What I am asking you is about the "price range of 1-Jiang-3-Methoxy-5- (trimethyl) silicon in the market". However, the matter is quite complicated, and the market price often changes due to many factors, making it difficult to determine the exact range.
First of all, the price of such substances is greatly affected by the cost of raw materials. The abundance of raw materials, the difficulty of mining, and the cost of obtaining them all determine their price. If raw materials are scarce or difficult to obtain, the cost will rise, and the price of this substance will also rise.
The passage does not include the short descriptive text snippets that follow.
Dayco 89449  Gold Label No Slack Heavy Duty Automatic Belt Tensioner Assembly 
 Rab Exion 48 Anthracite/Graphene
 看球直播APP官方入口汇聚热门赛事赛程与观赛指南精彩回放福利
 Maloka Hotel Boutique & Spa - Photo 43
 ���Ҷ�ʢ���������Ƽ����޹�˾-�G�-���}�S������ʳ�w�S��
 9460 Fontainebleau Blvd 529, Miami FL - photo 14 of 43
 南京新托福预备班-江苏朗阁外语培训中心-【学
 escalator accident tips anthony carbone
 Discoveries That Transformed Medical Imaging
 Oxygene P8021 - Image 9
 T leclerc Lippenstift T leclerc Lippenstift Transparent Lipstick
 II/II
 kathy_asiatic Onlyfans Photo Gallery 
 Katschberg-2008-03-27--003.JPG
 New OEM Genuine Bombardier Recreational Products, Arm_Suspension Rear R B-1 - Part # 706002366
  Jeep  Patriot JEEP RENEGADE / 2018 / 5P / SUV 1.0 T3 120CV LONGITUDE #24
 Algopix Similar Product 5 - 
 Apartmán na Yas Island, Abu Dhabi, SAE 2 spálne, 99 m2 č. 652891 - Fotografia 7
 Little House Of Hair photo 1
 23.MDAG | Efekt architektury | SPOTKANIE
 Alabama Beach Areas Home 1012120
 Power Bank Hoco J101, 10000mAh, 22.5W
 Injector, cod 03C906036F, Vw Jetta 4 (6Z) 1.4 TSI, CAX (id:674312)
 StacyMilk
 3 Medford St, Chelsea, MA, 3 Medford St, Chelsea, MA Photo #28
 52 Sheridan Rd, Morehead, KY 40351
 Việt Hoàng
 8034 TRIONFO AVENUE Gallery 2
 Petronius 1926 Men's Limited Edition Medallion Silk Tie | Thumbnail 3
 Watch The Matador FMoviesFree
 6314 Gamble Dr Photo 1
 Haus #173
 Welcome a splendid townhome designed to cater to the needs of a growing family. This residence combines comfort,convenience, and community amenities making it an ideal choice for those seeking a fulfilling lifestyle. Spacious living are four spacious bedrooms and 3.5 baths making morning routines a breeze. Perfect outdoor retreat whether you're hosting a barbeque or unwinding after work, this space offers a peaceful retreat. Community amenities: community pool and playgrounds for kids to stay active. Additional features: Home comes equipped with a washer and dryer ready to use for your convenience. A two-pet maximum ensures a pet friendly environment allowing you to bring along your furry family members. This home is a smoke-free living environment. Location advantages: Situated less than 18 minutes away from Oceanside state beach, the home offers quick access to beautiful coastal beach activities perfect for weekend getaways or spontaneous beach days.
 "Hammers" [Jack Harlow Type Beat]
Second, the complexity of the production process is also critical. If production requires high-end technology and fine processes, involving special equipment and professionals, production costs will be high, and prices will rise.
Furthermore, the market supply and demand relationship has a significant impact. If demand is strong and supply is limited, merchants may raise prices to make a profit; if supply is abundant and demand is sluggish, prices will be under pressure to decline.
In addition, regional factors cannot be ignored. In different places, prices may vary due to differences in transportation costs and market competition. In places with convenient transportation and intense competition, prices may be relatively low; in remote areas and few supply channels, prices may be high.
Overall, in order to know the exact price range, it is necessary to pay attention to the market dynamics of chemical raw materials in real time, and consult relevant suppliers, distributors or industry experts to obtain more accurate information. However, in my opinion, it is difficult to say the specific price range at the moment, because the market is changing rapidly, and various factors are intertwined, resulting in price fluctuations.